For training, inference, and HPC, MLPerf has proven NVIDIA has the broadest ecosystem support for all the deep learning frameworks. It is advantageous for customers that NVIDIA GPUs are available from all major cloud providers and all major systems for on-prem solutions. Those application frameworks allow customers to deploy solutions rapidly.

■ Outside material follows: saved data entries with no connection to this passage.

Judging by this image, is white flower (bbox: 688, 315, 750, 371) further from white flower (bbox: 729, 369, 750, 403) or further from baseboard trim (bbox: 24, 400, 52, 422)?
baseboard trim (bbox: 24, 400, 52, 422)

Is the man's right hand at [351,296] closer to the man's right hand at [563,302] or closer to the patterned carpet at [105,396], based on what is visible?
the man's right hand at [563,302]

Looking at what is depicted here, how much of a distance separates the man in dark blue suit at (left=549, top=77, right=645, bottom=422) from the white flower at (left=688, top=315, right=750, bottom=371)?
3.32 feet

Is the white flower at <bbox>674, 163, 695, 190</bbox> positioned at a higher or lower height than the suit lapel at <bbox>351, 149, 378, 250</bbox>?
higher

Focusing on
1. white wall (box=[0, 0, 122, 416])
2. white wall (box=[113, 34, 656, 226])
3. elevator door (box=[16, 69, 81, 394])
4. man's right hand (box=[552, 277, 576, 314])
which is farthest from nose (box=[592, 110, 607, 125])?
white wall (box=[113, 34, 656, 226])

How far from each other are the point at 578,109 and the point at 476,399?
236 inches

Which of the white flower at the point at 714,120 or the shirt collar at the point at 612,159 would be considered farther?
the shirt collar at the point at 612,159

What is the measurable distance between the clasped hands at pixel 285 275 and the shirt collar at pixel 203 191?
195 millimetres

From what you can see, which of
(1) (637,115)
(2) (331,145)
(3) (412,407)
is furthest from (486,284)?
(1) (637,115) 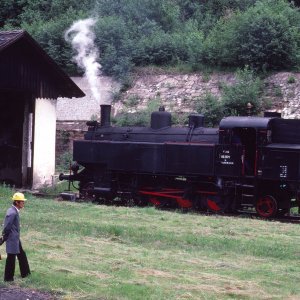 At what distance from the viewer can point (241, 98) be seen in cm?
3022

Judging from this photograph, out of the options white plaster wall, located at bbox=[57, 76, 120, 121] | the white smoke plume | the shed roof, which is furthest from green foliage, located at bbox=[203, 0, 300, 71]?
the shed roof

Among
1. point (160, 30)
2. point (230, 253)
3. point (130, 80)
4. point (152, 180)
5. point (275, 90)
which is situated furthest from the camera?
point (160, 30)

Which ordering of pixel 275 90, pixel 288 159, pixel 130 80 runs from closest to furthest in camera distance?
1. pixel 288 159
2. pixel 275 90
3. pixel 130 80

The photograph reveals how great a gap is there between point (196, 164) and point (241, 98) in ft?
36.7

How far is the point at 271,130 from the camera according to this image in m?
18.7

NVIDIA has an end-to-end open platform with software that helps expand the full potential of its hardware. NVIDIA’s full-stack solution includes application frameworks such as Merlin and Nemo. With Nemo Megatron service, it is possible to leverage huge language models using custom datasets.

ANALYST NOTES 

  1. There are many reasons why model speed is so vital for inference and training. One overlooked reason relates to the necessity of multiple training runs. Building a model is an experimental process that involves trial and error to get the model properly tuned. The model must be rerun each time something is tweaked to see the results. The ability to run the model faster means more trials can be run in a given time. That allows a solution to be found and deployed more quickly. The faster a model can be deployed, the earlier its benefits can contribute to improved operations and its ROI can be generated.
  2. MLPerf provides peer-reviewed apples-to-apples comparisons for training and inference. It eliminates the need to rely on a company’s cherry-picked stats from its performance testing that may or may not be valid.
  3. NVIDIA works with many of the top AI researchers. I spend much time reviewing research papers on AI and quantum. A lot of AI research work uses NVIDIA platforms. So far this year, over 400 preprint research papers have been published on deep learning using NVIDIA technology. It will be interesting to see future research results using the H100 as its availability increases.
  4. Power consumption is a significant issue in the AI ecosystem. Although measurement of power consumption isn’t currently part of MLPerf Training, it is under consideration. However, power is a measurement in MLPerf Inference. For MLPerf Inference 2.1 in September, 2,400 power measurement results were submitted. For reference, A100 requires 400 watts, and H100 requires 700 watts. When juggling these two figures, consideration needs to be given to performance and speed. BERT is an excellent example because the H100 enjoys a 6X advantage in speed.
  5. Like the A100, the H100 can be partitioned into seven smaller accelerators that can independently run different networks. That is a way to get optimal utilization out of the part on the inference side and reduce the number of total GPUs needed to deploy multiple networks. Ideally, the feature is more useful for training advanced models, but it also has applications on the inference side.